Anita Tuvin Schlechter Auditorium – 7 p.m.
Free Speech on Campus
Sigal Ben-Porath, Professor at the Graduate School of Education at the University of Pennsylvania
Free speech, a staple of modern democracy, has become the focal point for political and cultural forces impacting universities. Higher education is charged with the mandate to expand the boundaries of knowledge; to disseminate knowledge through teaching and other modes; and to serve the public by training citizens and leaders. To do so it must ensure that a broad range of views and approaches are discussed openly. But should all speech be protected in the name of free inquiry? Should the universities allow bigotry or exclusionary speech that targets specific groups? Should it make room for misinformation? Recent speech controversies around the globe expose the difficulty in carving a response in this polarized time. This struggle over the boundaries of speech is based in disagreement over core democratic principles. A democratic framework of inclusive freedom will be presented and defended. It reflects the values of protecting free thought, inquiry and expression, and maintaining a commitment to the dignity of all campus members.
This event is sponsored by the Clarke Forum for Contemporary Issues and is part of the Dialogues Across Differences Series.

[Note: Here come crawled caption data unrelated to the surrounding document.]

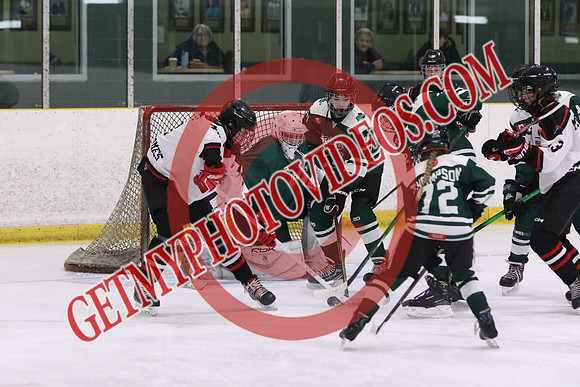 20260313-20241_4 10 pm - U15 - Hespeler vs Sturgeon Lake - MCU
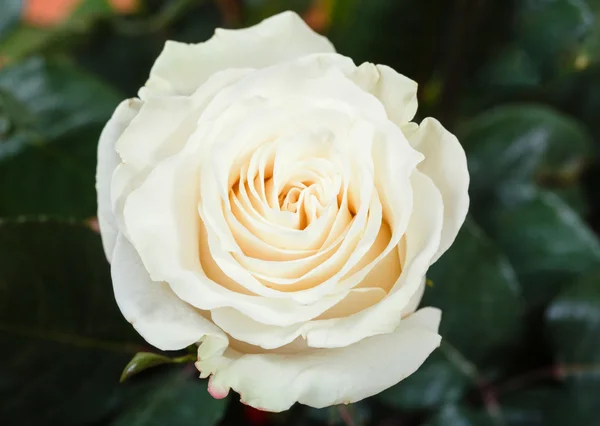Φυσικό λευκό ροδαλό λουλούδι στο πράσινο Μπους — Φωτογραφία Αρχείου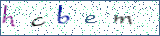 Type the letters shown in the picture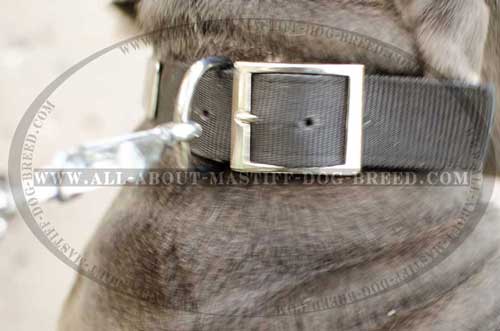 Water-resistant nylon dog collar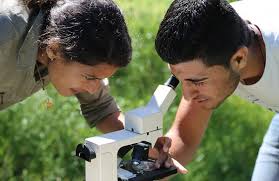 Earth Colab Is Calling All Earthlings To Join Hands For The Environment Edexlive Tasneem ayub khan will tell you how to make it. earth colab is calling all earthlings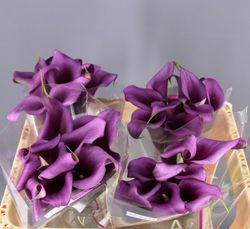 Callas Paco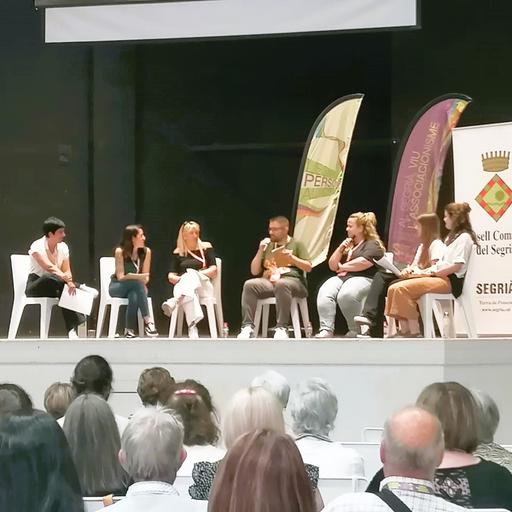 Cansades per la burocràcia, però amb ganes de tirar endavant: la situació actual de les entitats i associacions al Segrià.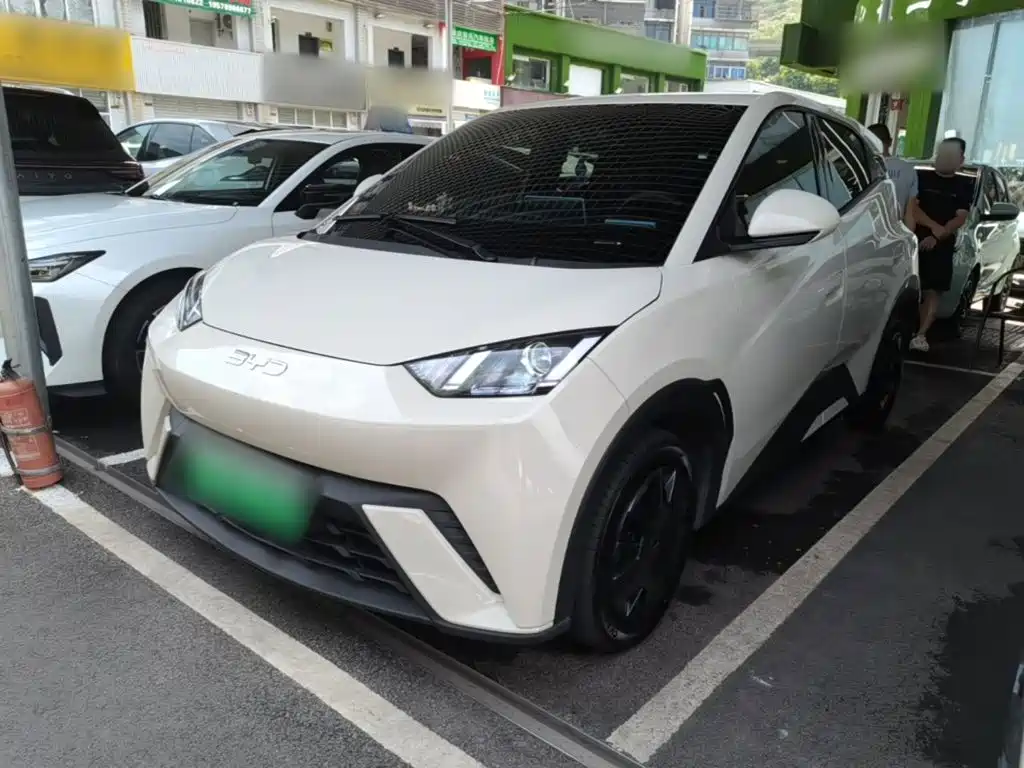 BYD Seagull 2024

Topic overview written by Erin Lowe ’23
Biography
Sigal Ben-Porath is professor at the Graduate School of Education at the University of Pennsylvania, where she is also a member of the philosophy and the political science departments, and a fellow at the Institute for Law and Philosophy. She received her doctorate in political philosophy from Tel-Aviv university in 2000. She was a fellow at Princeton University’s Center for Human Values, the Institute for Advanced Studies, and the Edmond J. Safra Center for Ethics at Harvard University. She recently published the books Free Speech on Campus (Penn Press, 2017) as well as Making Up Our Mind (with Michael Johanek, University of Chicago Press, 2019). Her next book is Cancel Wars (University of Chicago Press 2022). She chaired Penn’s Committee on Open Expression 2015-2019, chaired Penn Press Faculty Advisory Board, and was a founding member on the board of the Andrea Mitchell Center for the Study of Democracy. In recent years she has offered guidance to many campuses on policy development and responses to controversies surrounding speech.